▶ [WHAT YOU HAVE TO DO]:
Only a number is wanted: the count of lines in this listing that contain "kitchen".
··· ENTRIES PROVIDED ···
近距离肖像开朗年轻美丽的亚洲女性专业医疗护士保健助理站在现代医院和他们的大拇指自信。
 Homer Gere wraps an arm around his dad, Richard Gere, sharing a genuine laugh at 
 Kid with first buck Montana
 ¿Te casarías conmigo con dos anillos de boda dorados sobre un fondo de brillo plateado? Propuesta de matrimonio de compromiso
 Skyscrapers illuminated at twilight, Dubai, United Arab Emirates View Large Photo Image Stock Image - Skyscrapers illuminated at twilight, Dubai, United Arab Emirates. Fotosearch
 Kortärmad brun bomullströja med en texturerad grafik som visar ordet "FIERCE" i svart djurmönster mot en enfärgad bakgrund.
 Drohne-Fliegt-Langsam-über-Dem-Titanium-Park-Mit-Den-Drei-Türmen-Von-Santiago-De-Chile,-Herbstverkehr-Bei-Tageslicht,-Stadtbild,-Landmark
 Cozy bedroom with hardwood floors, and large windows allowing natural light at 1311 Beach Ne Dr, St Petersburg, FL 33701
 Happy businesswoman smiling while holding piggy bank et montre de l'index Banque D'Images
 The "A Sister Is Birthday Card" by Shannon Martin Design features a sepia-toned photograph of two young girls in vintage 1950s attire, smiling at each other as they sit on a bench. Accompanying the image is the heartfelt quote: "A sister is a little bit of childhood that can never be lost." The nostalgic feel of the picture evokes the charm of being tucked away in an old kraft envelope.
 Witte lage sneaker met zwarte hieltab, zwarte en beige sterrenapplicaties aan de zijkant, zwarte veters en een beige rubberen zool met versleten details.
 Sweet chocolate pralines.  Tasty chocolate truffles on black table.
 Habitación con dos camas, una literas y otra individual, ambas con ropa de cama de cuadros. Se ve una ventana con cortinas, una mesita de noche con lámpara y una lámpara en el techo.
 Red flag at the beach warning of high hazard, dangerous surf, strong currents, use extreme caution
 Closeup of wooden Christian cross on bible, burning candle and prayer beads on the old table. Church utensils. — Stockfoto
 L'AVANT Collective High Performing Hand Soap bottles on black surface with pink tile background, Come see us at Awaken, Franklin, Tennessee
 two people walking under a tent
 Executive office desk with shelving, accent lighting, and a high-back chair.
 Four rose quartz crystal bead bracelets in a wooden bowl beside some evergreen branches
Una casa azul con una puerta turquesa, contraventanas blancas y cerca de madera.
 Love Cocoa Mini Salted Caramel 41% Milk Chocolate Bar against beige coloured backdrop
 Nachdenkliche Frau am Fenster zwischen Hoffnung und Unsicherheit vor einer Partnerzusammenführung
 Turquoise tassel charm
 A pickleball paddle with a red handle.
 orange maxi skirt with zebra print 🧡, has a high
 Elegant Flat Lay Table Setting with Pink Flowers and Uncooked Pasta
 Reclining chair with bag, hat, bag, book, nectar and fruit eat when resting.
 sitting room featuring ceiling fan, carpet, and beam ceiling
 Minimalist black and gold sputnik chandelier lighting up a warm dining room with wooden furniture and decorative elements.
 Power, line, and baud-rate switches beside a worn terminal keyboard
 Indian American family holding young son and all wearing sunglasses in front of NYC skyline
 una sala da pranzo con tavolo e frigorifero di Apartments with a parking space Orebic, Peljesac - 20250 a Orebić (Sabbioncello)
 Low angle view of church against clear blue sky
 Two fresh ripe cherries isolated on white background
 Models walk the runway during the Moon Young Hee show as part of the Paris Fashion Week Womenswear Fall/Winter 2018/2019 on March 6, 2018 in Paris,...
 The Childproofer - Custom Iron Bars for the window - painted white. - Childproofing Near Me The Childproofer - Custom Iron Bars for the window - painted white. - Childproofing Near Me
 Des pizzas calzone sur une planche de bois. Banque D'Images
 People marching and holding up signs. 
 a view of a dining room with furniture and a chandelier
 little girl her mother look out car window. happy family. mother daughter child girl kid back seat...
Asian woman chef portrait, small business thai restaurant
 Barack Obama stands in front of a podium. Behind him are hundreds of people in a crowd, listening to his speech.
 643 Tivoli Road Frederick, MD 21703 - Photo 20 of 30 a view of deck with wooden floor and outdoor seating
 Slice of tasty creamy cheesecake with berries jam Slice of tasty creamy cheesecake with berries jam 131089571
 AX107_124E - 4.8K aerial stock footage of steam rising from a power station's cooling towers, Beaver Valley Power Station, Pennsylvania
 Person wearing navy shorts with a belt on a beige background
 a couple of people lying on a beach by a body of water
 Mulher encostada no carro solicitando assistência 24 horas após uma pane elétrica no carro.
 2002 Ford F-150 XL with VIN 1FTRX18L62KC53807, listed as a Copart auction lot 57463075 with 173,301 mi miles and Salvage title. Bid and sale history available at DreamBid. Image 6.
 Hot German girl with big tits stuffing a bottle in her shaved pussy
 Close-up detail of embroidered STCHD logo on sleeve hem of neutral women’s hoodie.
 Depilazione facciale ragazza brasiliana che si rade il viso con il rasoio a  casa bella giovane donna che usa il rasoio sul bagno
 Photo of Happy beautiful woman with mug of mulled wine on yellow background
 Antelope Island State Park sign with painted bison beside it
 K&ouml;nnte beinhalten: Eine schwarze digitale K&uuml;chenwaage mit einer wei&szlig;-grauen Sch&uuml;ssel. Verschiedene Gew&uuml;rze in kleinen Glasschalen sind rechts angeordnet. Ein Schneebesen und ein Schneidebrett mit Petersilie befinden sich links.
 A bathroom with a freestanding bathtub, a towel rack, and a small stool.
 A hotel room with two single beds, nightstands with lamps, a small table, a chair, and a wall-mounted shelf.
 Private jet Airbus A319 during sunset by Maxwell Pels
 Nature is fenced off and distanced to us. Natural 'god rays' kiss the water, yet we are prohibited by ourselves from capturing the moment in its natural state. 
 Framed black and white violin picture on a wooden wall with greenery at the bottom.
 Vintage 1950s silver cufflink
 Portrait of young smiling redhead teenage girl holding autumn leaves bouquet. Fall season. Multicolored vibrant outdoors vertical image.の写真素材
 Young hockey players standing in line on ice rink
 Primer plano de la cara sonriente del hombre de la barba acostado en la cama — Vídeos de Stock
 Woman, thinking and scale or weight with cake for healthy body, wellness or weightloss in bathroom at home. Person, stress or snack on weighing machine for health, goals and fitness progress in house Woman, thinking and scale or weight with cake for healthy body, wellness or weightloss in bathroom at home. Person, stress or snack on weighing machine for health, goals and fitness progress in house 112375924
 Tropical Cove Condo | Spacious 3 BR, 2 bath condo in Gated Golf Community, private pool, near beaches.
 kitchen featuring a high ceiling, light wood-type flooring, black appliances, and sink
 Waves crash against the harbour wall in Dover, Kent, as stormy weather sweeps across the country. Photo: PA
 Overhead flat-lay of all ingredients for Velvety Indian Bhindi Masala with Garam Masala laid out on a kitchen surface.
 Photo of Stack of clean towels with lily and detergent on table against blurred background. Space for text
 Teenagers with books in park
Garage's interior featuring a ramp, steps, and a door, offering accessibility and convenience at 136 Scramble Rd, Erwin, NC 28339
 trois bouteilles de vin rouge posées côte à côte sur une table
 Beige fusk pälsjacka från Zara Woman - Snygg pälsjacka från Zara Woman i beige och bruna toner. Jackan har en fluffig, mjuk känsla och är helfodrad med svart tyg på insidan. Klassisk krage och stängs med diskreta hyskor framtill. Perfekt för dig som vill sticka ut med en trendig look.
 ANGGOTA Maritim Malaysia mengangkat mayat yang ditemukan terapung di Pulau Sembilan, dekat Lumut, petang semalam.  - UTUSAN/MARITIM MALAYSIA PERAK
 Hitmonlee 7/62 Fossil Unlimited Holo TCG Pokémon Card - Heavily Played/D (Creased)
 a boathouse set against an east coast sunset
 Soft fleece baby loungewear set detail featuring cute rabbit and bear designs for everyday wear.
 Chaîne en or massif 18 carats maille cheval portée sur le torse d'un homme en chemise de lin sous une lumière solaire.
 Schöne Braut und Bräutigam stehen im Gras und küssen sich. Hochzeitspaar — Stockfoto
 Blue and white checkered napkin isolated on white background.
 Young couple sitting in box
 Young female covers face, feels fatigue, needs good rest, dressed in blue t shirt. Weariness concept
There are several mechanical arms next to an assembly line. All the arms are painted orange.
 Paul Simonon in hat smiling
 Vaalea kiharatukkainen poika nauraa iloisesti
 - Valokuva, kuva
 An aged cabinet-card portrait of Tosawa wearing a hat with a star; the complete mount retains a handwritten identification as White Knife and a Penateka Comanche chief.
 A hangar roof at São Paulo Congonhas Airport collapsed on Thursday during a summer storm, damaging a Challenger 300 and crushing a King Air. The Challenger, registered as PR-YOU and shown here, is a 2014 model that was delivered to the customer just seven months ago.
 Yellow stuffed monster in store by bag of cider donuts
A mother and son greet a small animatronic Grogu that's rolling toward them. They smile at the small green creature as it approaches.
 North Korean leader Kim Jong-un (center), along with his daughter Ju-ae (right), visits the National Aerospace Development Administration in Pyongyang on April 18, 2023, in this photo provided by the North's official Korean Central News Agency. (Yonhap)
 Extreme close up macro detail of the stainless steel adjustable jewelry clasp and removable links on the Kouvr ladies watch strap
···
▶ [YOUR SOLUTION]:
2